In a June 12 court order, the state Supreme Court warned that if elected officials don’t outline a new budgetary approach acceptable to the court, it could find the state in contempt and impose a range of sanctions that could include a halt to funding for public schools, or forcing the state to sell assets to increase education spending.
But legislators say it’s unlikely the court will act on such threats, and that they represent distractions from efforts to comply with the court’s ruling more than two years ago in McCleary v. Washington, which held that the state’s education system was unconstitutional due to low funding levels.

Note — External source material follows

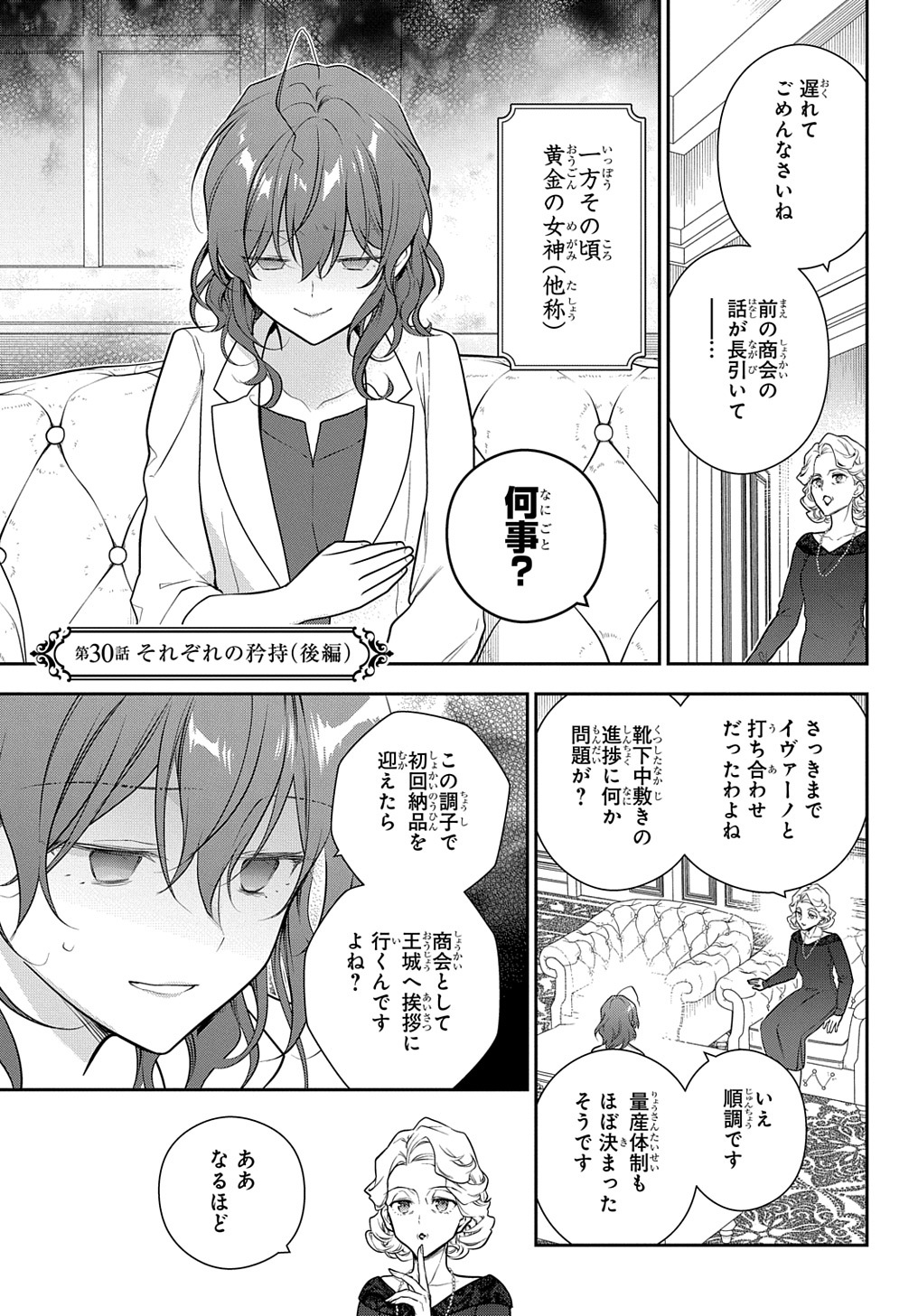 Madougushi Dahlia wa Utsumukanai: Dahliya Wilts No More - Chapter 30.2 - Page 1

“This is something I think we have to resolve in the budget session in January” when lawmakers craft the next two-year state budget, said Democratic Rep. Ross Hunter, the chairman of the House appropriations committee. He said he has serious doubts that the court would take any action effectively forcing schools to close just as the 2014-15 academic year gets started.
And Jaime Smith, a spokeswoman for Gov. Inslee, a Democrat, said the likelihood of a special session this summer to address the court order “remains pretty low” because lawmakers haven’t shown interest in trying to tackle education spending again this year. While lawmakers have increased school funding by about $1 billion since the McCleary ruling, the new spending level falls short of a plan that legislators previously outlined to increase spending enough to satisfy the court.
“It’s hard to see how we would call legislators back right now and see any different outcome,” said Ms. Smith, although she said Gov. Inslee was still reviewing the June 12 court order.
That could be a very high-stakes gamble, said Michael A. Rebell, a professor of law and educational practice at Teachers’ College, Columbia University, who tracks school-funding lawsuits.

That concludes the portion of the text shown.